The Plateau problem for polygonal boundary curves in Minkowski 3-space

TL;DR

This paper extends the solution of the Plateau problem to polygonal boundary curves in Minkowski 3-space by using maxfaces, demonstrating existence results for maximal surfaces with polygonal boundaries.

Contribution

It introduces a new existence theorem for maxfaces bounded by polygonal curves in Minkowski space, generalizing previous results that required higher boundary regularity.

Findings

Any spacelike polygonal curve in generic position bounds a maxface of disk-type.

The method adapts Garnier's approach to Minkowski space, accounting for singularities.

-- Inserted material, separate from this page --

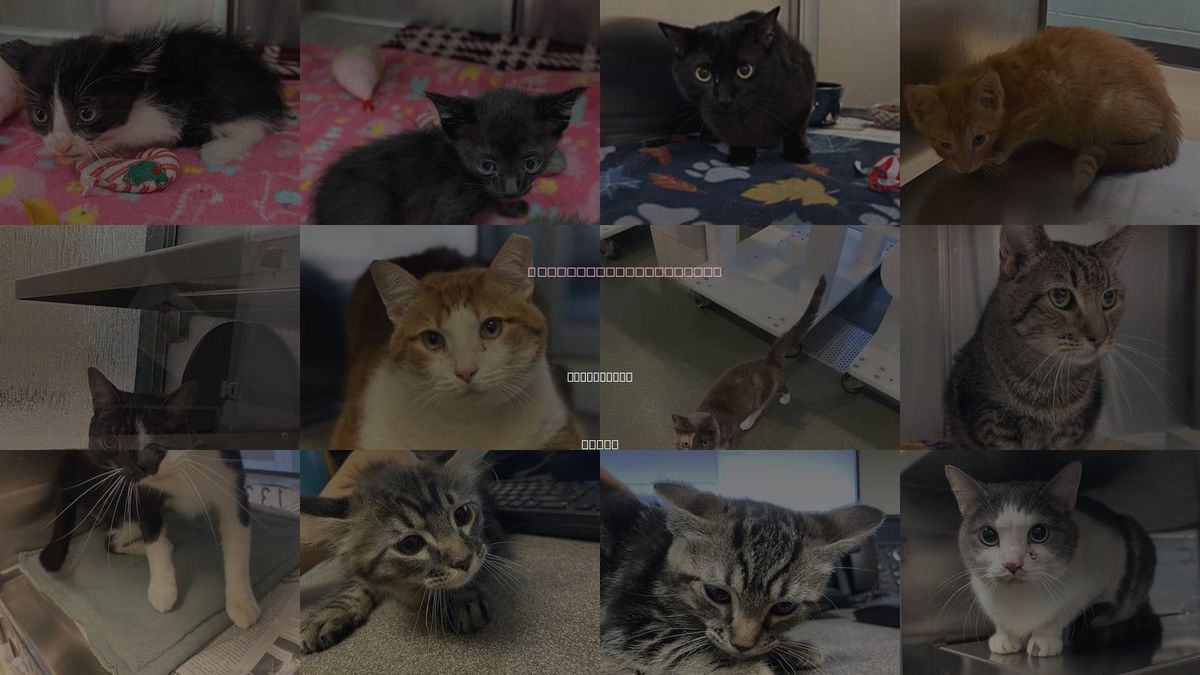 Cats for Adoption in Carrollton, Texas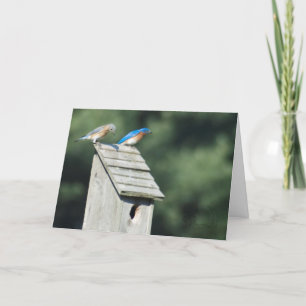 Nuestro nuevo hogar, tarjeta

First existence result for polygonal boundary curves in Minkowski space.

Abstract

We apply Garnier's method to solve the Plateau problem for maximal surfaces in Minkowski 3-space. Our study relies on the improved version we gave of R. Garnier's resolution of the Plateau problem for polygonal boundary curves in Euclidean 3-space. Since in Minkowski space the method does not allow us to avoid the existence of singularities, the appropriate framework is to consider maxfaces -- generalized maximal surfaces without branch points, introduced by M. Umehara and K. Yamada. We prove that any given spacelike polygonal curve in generic position in Minkowski 3-space bounds at least one maxface of disk-type. This is a new result, since the only known result for the Plateau problem in Minkowski space (due to N. Quien) deals with boundary curves of regularity $C^{3,\alpha}$.